Her kick may have been blocked, but Katie Hnida scored a touchdown in college football history.
Hnida, a junior at University of New Mexico, became the first woman to play Division 1A football when she attempted an extra point kick on Wednesday. The kick was blocked, but her play came during her team's 27-3 loss to UCLA in the Las Vegas Bowl.
"I definitely was not thinking about the historical aspect of it," Hnida said on ABCNEWS' Good Morning America.
"I was just hoping to get out there and nail the ball straight through," she said.
Hnida's coach, Rocky Long, said he gave Hnida a shot to kick the first extra point in Wednesday's game because she earned it.
"Well, we used it as a reward for our players and in a lot of cases, we've put several guys in there that hadn't played much during the season and we used the Bowl game in that way and Katie deserved a chance," Long said.
One Moment in Time
Hnida says she keeps replaying the play over and over in her head, and she hopes to get another chance on the field to prove herself.
Meanwhile, she says she'll enjoy being part of the team that has embraced her presence.

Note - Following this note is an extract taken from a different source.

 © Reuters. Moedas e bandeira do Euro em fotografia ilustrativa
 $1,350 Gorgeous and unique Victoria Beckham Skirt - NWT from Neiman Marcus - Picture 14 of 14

The 5-foot-9, 150-pound female football player says her male teammates have never made her feel uncomfortable.
"A lot of people asked me, 'Gosh, what is it like in the locker room?'" Hnida said.
Hnida, who changes in the women's locker room at home games and wherever she can find privacy during away games, says she knows she won't have a future career in football, but she loves being involved in the game anyway.
"I really fell in love with the sport and this is what I love to do and this is what I want to do," Hnida said.
Hnida joined New Mexico's team this year. She is the team's third-string kicker, and gets suited up for every home game, wearing her blond hair up in a ponytail.
Now 21, she played varsity football at her Littleton, Colo., high school for three years and made four of five field goals and 83 of 87 extra points. She was also her school's homecoming queen.
Long said he discovered Hnida's talent when he was looking through some videotapes he received.
"We were looking for kickers and we watched some videotape, didn't know it was a young lady on the tape," Long said. It looked like she had a lot of ability so we found out after we called her," he said.
Hnida is not the first woman to make the foray into college football — though by doing so while playing for a team in Division 1A, Hnida is in the top echelon of college football.
In 1997, Liz Heaston became the first woman to score in a college game, kicking two extra points for Willamette, which was then an NAIA school. Last year, Jacksonville State's Ashley Martin became the first woman in Division I-AA to score, kicking four extra points.